TASK DATA:
※

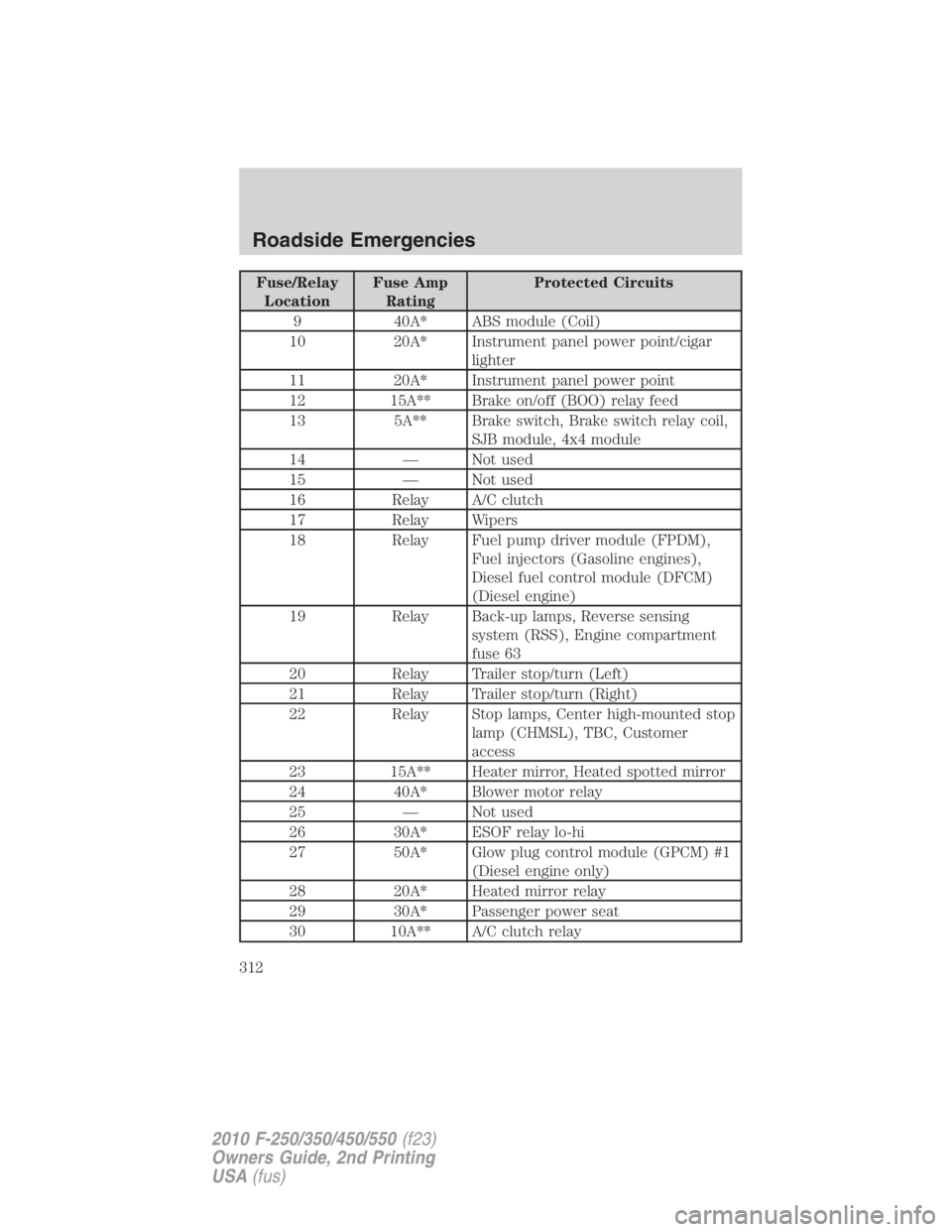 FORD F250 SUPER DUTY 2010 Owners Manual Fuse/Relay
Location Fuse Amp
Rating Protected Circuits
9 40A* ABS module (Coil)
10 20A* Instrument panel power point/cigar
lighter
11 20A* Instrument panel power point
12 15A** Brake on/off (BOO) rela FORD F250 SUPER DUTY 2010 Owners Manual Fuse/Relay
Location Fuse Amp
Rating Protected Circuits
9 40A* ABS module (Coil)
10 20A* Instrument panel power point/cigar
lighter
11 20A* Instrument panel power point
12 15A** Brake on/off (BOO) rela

※

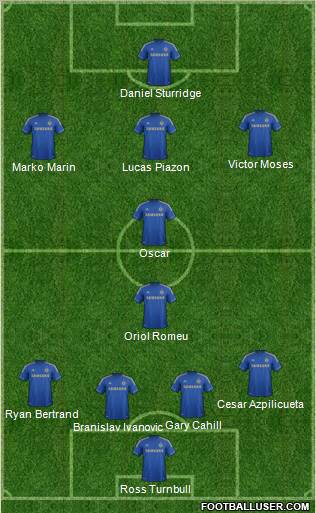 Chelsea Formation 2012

※

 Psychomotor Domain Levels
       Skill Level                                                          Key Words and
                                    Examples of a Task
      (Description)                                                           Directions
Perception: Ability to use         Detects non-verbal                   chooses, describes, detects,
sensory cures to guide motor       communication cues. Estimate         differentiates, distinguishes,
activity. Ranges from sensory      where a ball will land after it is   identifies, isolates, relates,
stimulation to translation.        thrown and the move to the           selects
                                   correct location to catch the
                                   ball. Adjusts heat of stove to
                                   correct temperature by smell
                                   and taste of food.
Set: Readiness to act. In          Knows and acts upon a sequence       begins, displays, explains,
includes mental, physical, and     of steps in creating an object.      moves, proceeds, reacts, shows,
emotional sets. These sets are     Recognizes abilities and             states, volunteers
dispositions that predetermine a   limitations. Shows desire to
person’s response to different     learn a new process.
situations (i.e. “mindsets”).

※

ASSIGNED TASK:
Count the lines of the data that hold the string "ball", and give that number as the entire reply.

FINISHED EXERCISE:
2